§ **RECORD SET**:
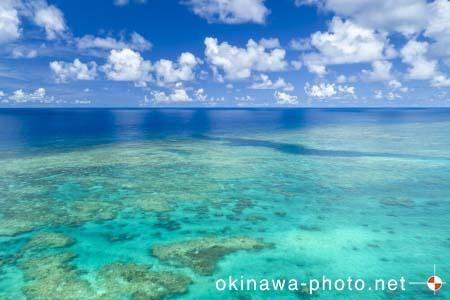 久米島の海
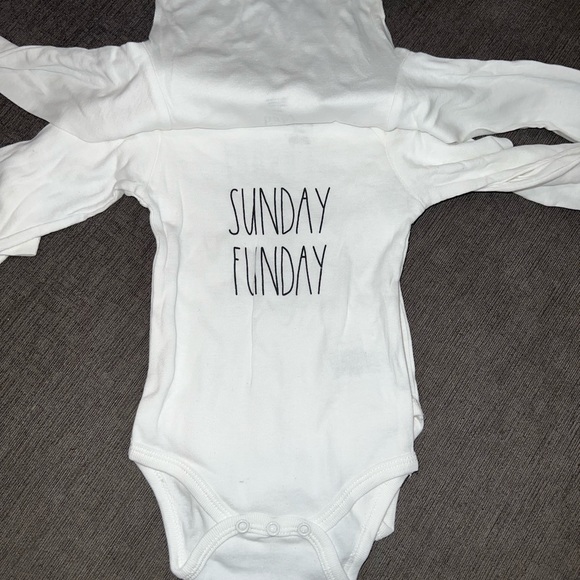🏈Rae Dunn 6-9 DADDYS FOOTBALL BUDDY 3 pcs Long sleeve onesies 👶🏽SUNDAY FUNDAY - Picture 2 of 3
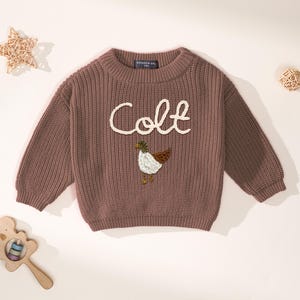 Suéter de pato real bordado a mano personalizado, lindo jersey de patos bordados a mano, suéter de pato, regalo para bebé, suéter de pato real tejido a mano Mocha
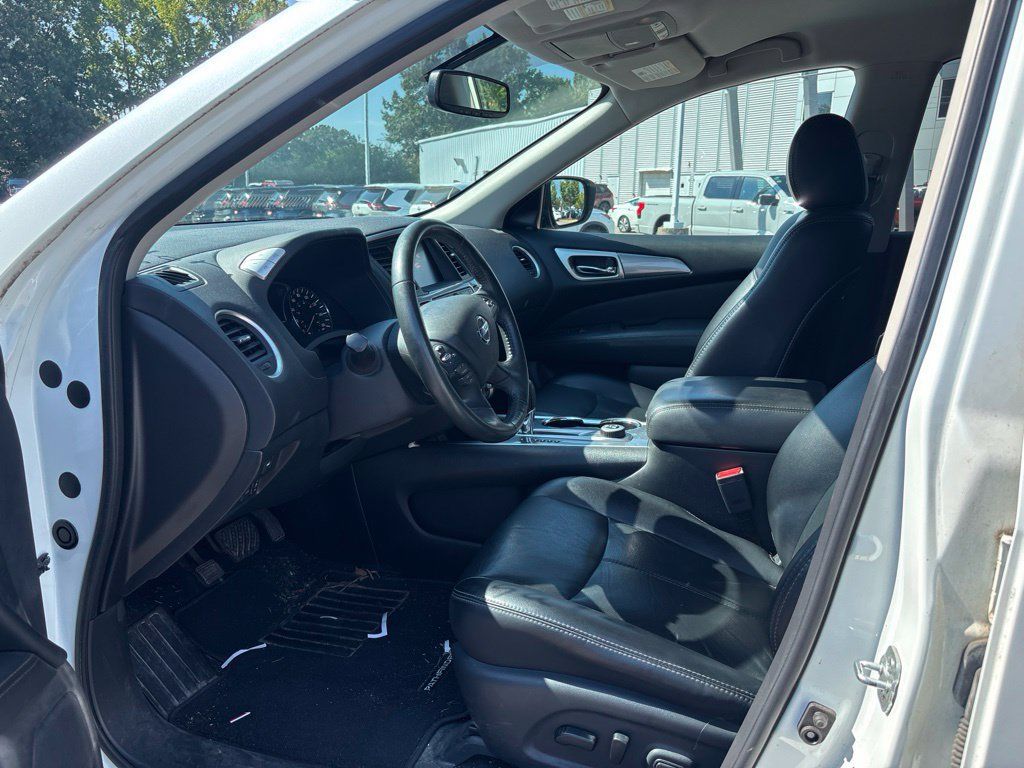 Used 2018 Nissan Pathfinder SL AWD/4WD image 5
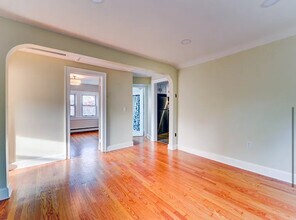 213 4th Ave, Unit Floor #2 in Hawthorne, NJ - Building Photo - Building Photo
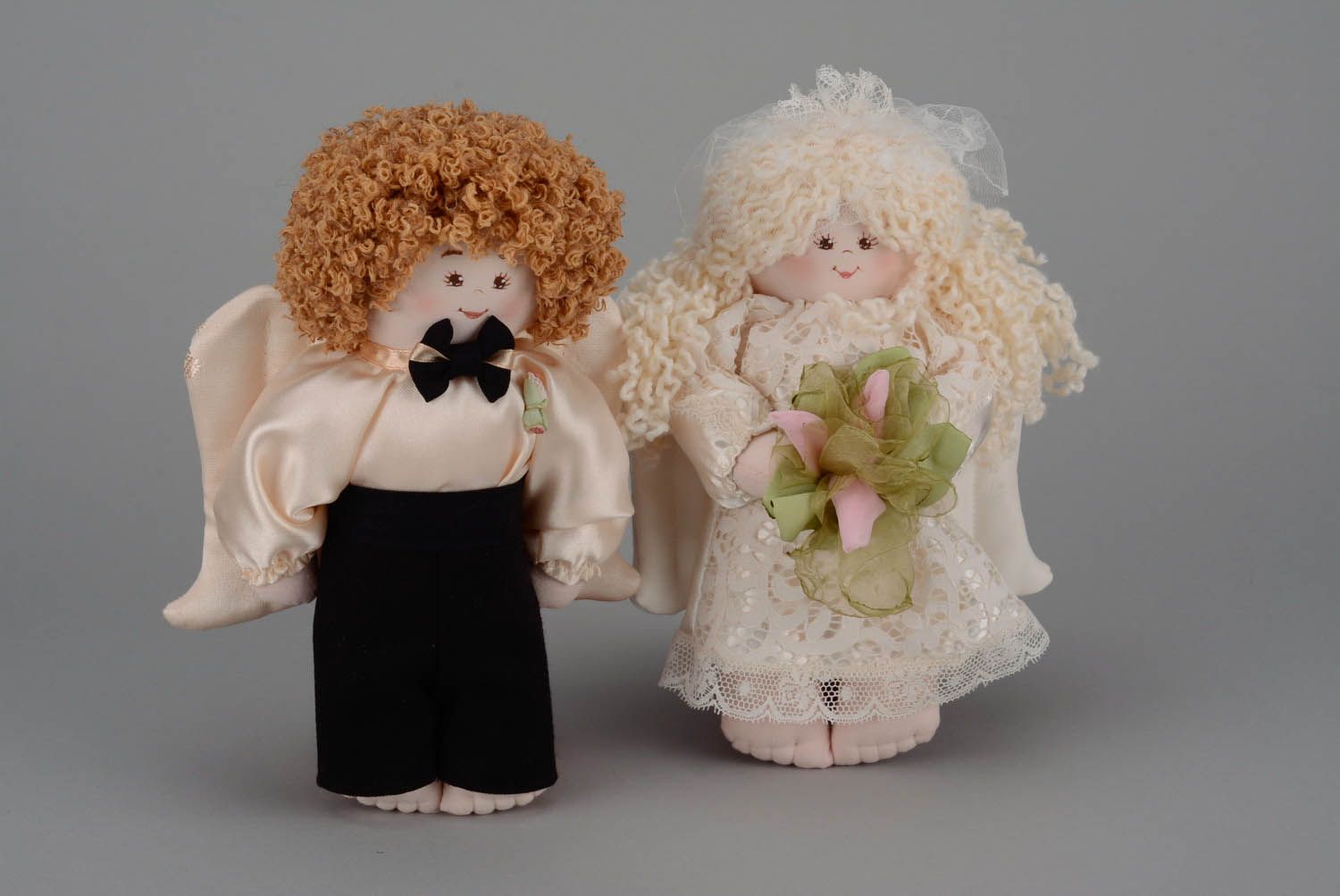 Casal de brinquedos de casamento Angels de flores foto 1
--
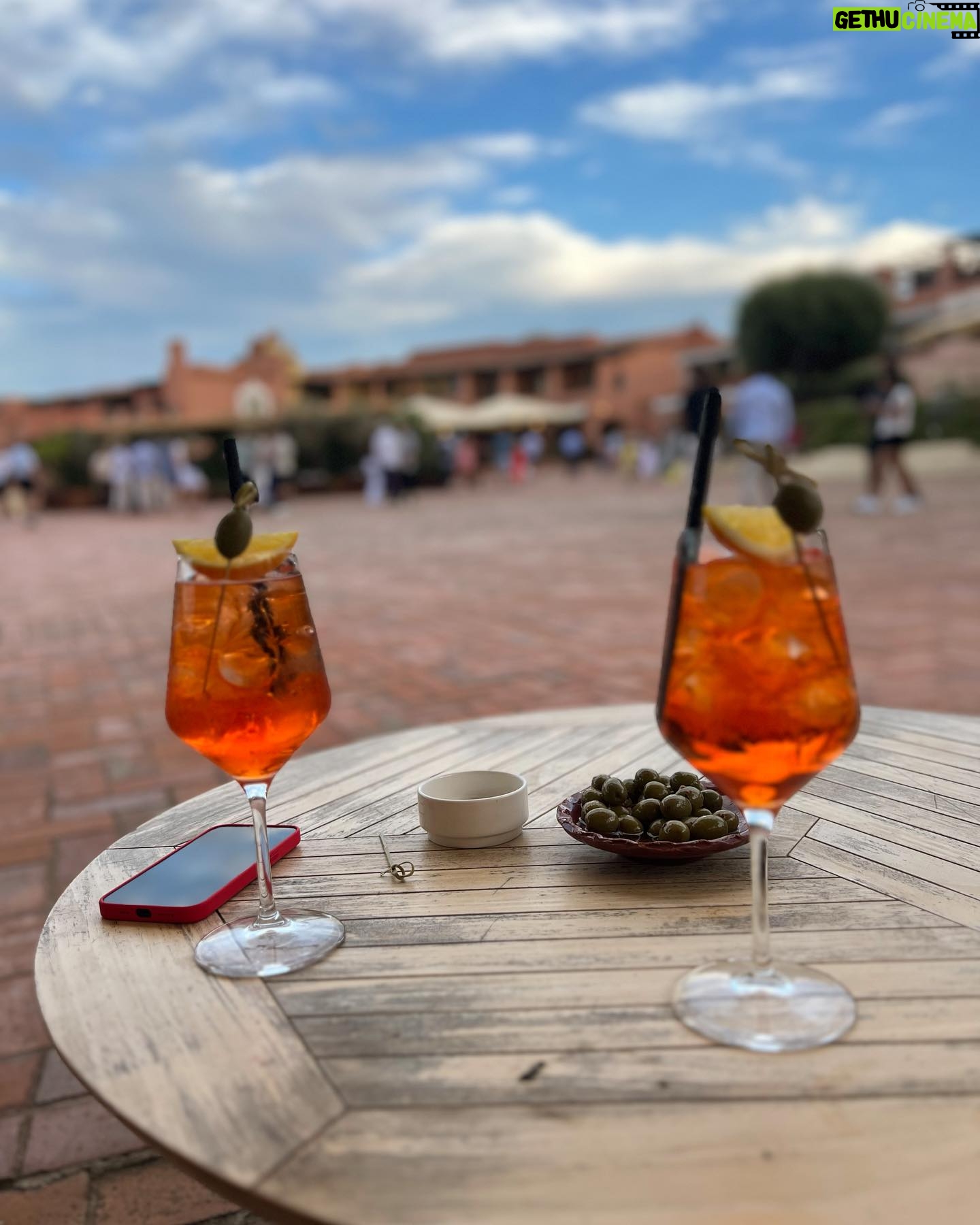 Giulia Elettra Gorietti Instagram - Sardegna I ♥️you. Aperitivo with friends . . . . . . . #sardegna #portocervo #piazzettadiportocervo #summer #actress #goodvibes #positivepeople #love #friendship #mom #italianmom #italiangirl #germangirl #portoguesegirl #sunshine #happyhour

§ **YOUR GOAL**: Repeat exactly the stretch of the listing above that starts with the line holding "Picture 2 of 3" and finishes with the line holding "Casal de brinquedos", both included. Skip every picture.

§ **ANSWER FOR THE TASK**:
🏈Rae Dunn 6-9 DADDYS FOOTBALL BUDDY 3 pcs Long sleeve onesies 👶🏽SUNDAY FUNDAY - Picture 2 of 3
 Suéter de pato real bordado a mano personalizado, lindo jersey de patos bordados a mano, suéter de pato, regalo para bebé, suéter de pato real tejido a mano Mocha
 Used 2018 Nissan Pathfinder SL AWD/4WD image 5
 213 4th Ave, Unit Floor #2 in Hawthorne, NJ - Building Photo - Building Photo
 Casal de brinquedos de casamento Angels de flores foto 1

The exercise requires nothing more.